To make this part of your development process, you can check these into source control, and season to taste.
There's nothing specific or special about Rails here, just that it's the first time I've seen this technique widely used. You can probably use pairs of SQL DDL files, too, like 001_UP_add_foo_table.sql and 001_DOWN_remove_foo_table.sql. The rest is a small matter of shell scripting, an exercise left to the reader.
I always source-control SQL (DDL, DML, etc). Its code like any other. Its good practice.
I am not sure indexes should be the same across different environments since they have different data sizes. Unless your test and production environments have the same exact data, the indexes would be different.
As to whether they belong in source control, am not really sure.
I do not put my indexes in source control but the creation script of the indexes. ;-)
Index-naming:
IX_CUSTOMER_NAME for the field "name" in the table "customer"
PK_CUSTOMER_ID for the primary key,
UI_CUSTOMER_GUID, for the GUID-field of the customer which is unique (therefore the "UI" - unique index).

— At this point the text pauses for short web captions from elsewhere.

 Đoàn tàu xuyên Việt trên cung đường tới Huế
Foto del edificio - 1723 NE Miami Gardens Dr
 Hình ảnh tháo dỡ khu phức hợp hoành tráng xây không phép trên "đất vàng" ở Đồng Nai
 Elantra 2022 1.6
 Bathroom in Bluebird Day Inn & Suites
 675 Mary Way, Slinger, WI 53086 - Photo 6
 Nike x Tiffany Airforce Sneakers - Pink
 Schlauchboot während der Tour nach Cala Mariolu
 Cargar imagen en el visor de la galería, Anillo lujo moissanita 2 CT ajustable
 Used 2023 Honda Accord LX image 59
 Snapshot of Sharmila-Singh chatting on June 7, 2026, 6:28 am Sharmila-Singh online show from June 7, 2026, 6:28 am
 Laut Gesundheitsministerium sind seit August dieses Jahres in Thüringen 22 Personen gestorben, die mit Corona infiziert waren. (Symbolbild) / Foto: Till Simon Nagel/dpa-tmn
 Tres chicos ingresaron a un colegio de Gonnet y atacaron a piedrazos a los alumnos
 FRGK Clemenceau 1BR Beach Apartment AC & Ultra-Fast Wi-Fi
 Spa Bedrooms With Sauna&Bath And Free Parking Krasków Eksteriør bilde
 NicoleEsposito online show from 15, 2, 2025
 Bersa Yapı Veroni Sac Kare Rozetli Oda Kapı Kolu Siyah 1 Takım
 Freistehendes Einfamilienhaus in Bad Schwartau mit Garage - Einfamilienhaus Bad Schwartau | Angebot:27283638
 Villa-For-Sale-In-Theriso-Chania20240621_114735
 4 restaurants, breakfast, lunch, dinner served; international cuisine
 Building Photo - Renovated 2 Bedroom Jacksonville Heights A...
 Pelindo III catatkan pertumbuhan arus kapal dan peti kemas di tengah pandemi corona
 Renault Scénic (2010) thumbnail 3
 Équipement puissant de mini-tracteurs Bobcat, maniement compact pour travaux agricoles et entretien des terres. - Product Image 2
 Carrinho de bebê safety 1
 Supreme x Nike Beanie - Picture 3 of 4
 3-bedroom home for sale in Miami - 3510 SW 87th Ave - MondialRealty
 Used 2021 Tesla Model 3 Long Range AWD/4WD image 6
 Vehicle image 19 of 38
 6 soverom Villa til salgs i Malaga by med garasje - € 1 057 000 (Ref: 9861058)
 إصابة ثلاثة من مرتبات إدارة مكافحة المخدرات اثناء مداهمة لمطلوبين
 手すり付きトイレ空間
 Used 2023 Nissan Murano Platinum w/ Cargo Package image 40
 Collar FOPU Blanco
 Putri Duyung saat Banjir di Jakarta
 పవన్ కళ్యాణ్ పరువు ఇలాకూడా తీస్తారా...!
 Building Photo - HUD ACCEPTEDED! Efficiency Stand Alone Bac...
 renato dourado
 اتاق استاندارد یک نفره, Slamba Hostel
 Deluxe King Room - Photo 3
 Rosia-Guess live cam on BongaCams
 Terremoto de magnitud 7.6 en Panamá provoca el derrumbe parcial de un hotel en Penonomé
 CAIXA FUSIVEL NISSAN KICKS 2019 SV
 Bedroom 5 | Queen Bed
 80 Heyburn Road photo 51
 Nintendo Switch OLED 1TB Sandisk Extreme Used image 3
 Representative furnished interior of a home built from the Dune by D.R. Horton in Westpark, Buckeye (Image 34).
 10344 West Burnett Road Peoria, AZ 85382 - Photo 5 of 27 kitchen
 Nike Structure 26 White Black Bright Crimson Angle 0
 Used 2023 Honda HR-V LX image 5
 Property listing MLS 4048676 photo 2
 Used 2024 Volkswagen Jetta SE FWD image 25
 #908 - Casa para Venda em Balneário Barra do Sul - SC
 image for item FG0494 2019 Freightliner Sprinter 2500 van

On my current project, I have two things in source control - a full dump of an empty database (using pg_dump -c so it has all the ddl to create tables and indexes) and a script that determines what version of the database you have, and applies alters/drops/adds to bring it up to the current version. The former is run when we're installing on a new site, and also when QA is starting a new round of testing, and the latter is run at every upgrade. When you make database changes, you're required to update both of those files.
Using a grails app the indexes are stored in source control by default since you are defining the index definition inside of a file that represents your domain object. Just offering the 'Grails' perspective as an FYI.